<<<<

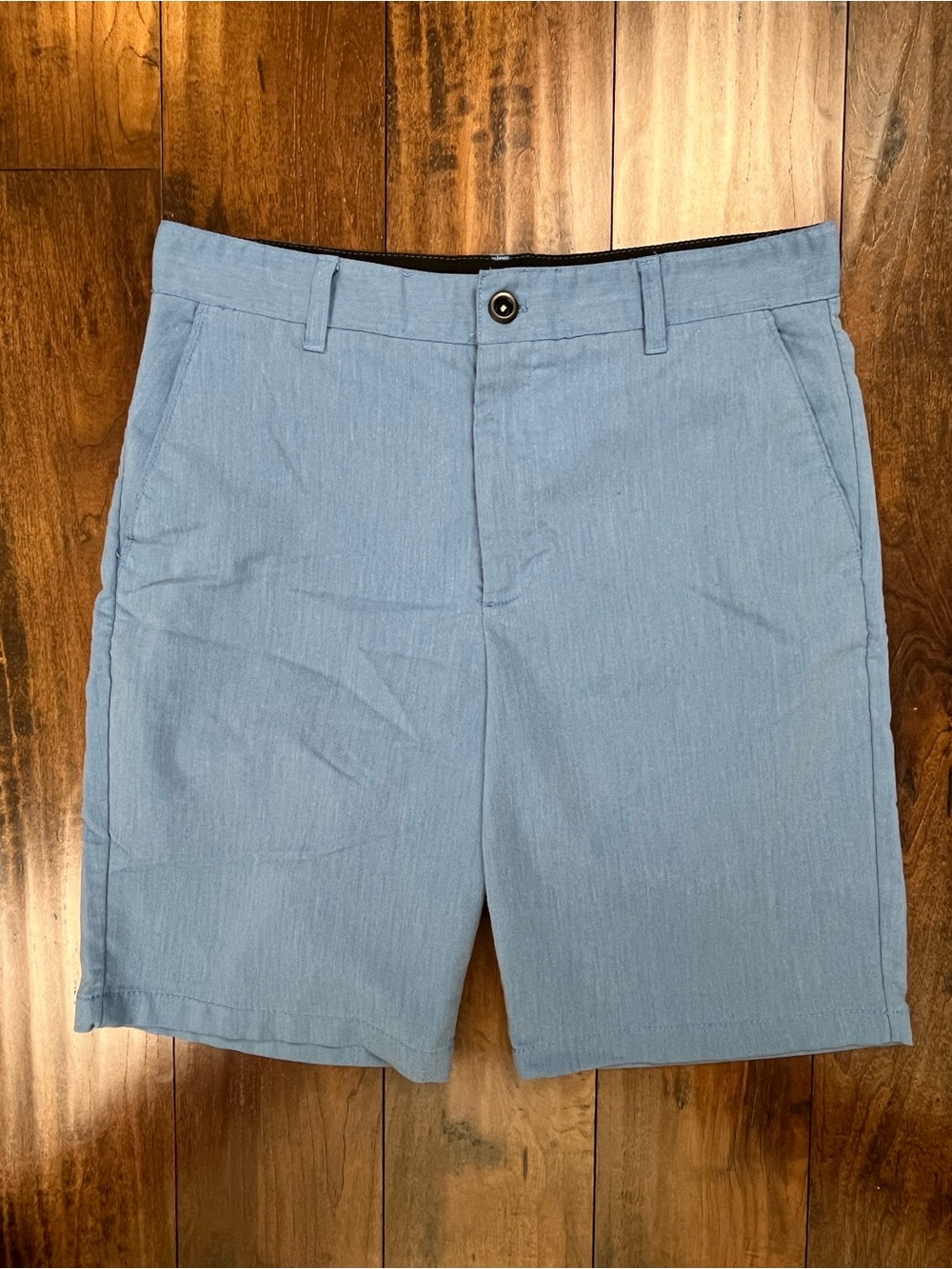 FADED GLORY Men’s Golf Shorts Light Blue Flat Front EUC 21.5” long Size 32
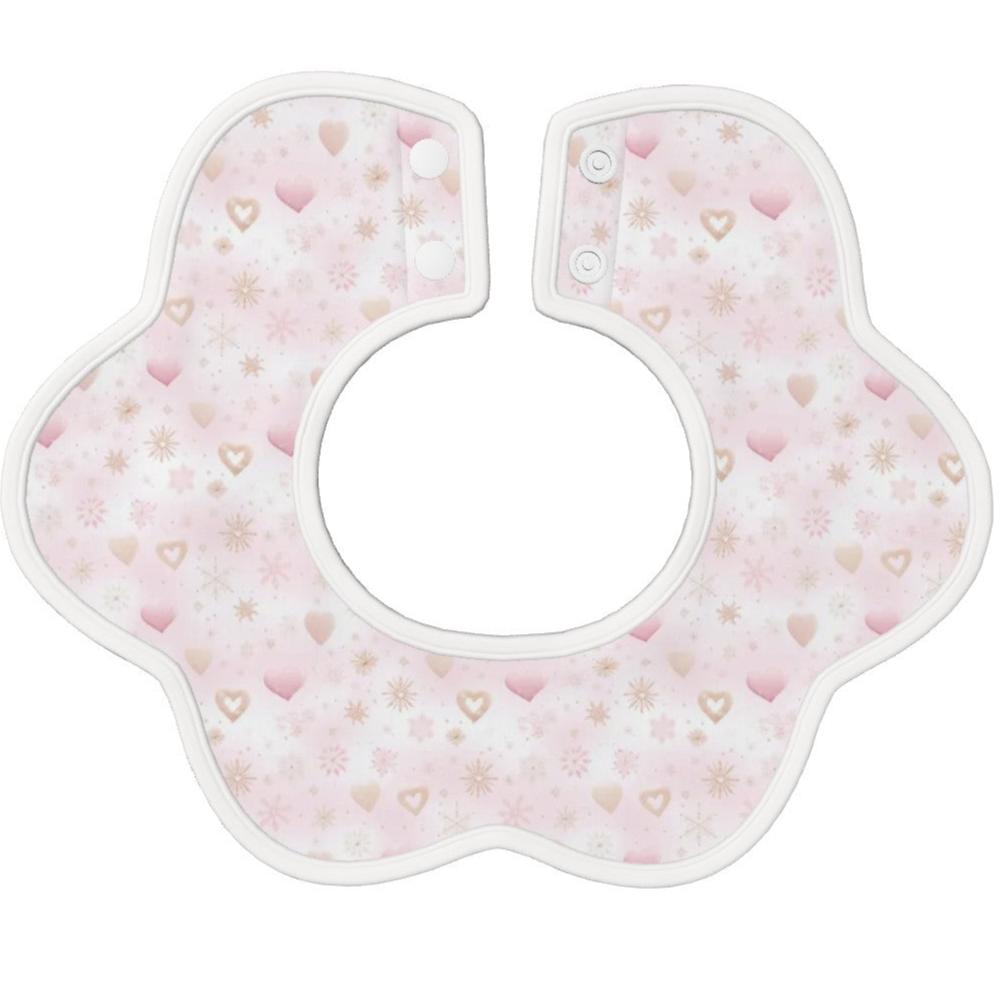 Subtle Hearts - Soft Petal-Shaped Reversible Baby Bib – Cotton Comfort for Little Ones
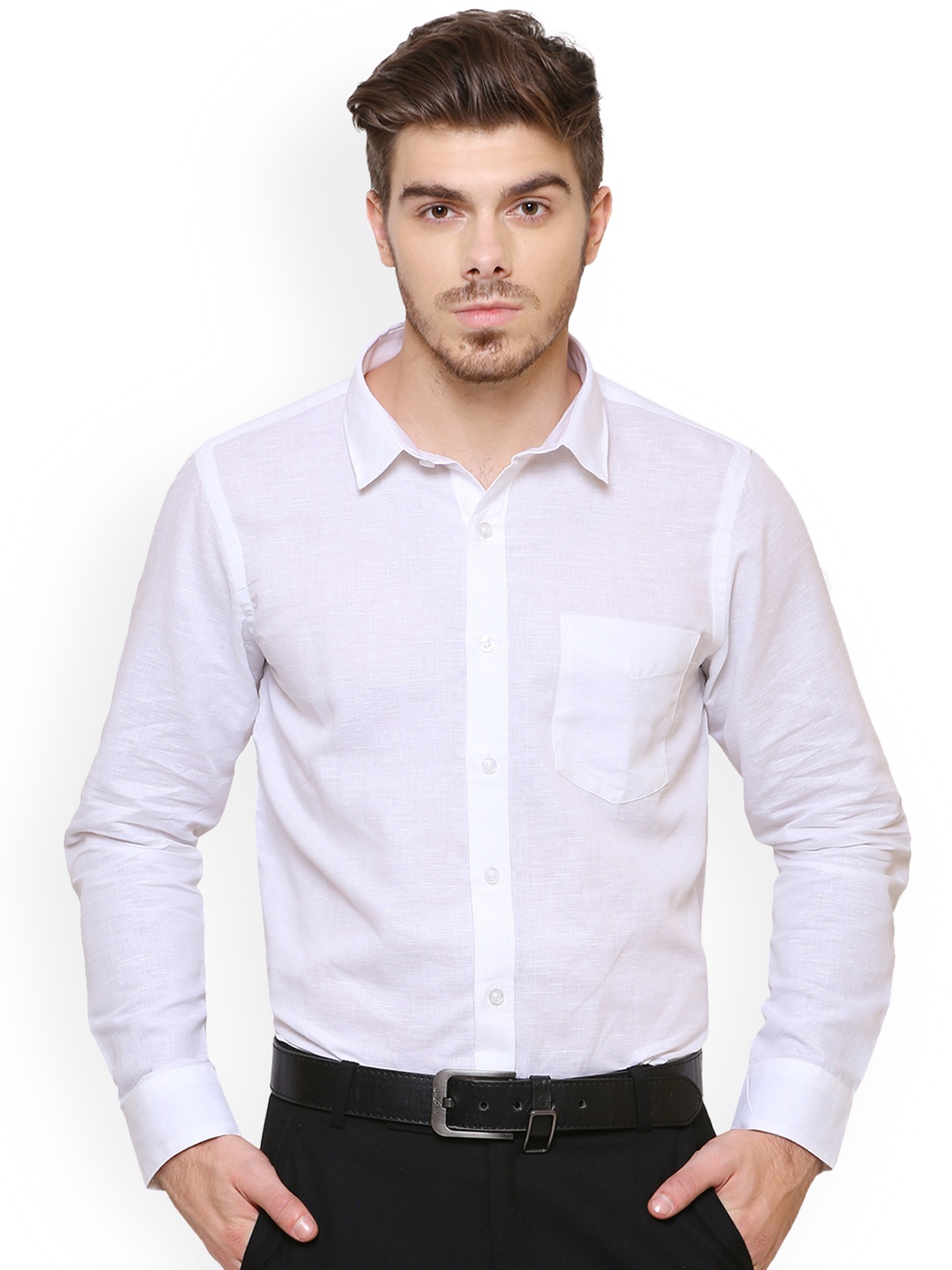 Southbay Men White Custom Slim Fit Solid Formal Linen Shirt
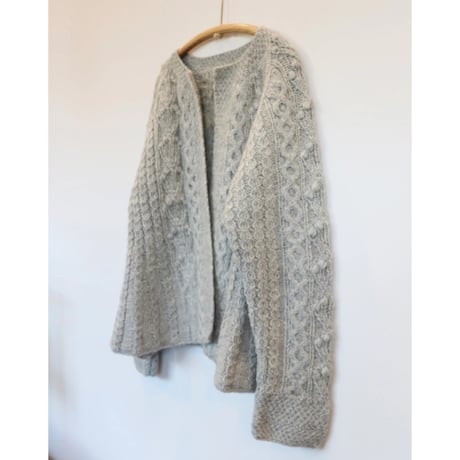 raha handknitted peplum cardigan grey
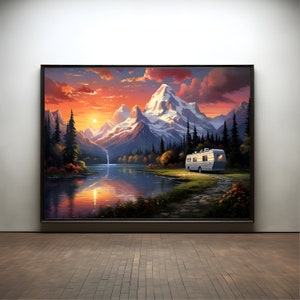 Fjord with motorhome premium poster on matte paper - decoration wall gift idea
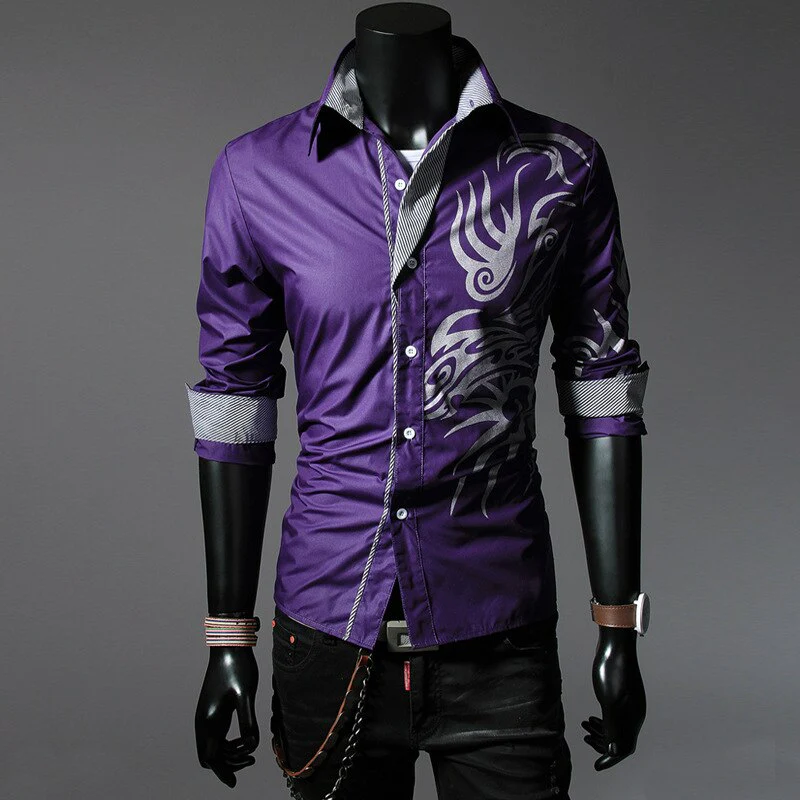 COLDKER Fashion Casual Chinese Style Dragon Print Long-sleeves Shirt Men's Social Business Slim-fit Lapel Shirt Male Tops - Image 3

>>>>

WHAT TO PRODUCE:
Print the entries again exactly as they appear above. Do not print the pictures.

SOLUTION FOR THIS TASK:
 FADED GLORY Men’s Golf Shorts Light Blue Flat Front EUC 21.5” long Size 32
 Subtle Hearts - Soft Petal-Shaped Reversible Baby Bib – Cotton Comfort for Little Ones
 Southbay Men White Custom Slim Fit Solid Formal Linen Shirt
 raha handknitted peplum cardigan grey
 Fjord with motorhome premium poster on matte paper - decoration wall gift idea
 COLDKER Fashion Casual Chinese Style Dragon Print Long-sleeves Shirt Men's Social Business Slim-fit Lapel Shirt Male Tops - Image 3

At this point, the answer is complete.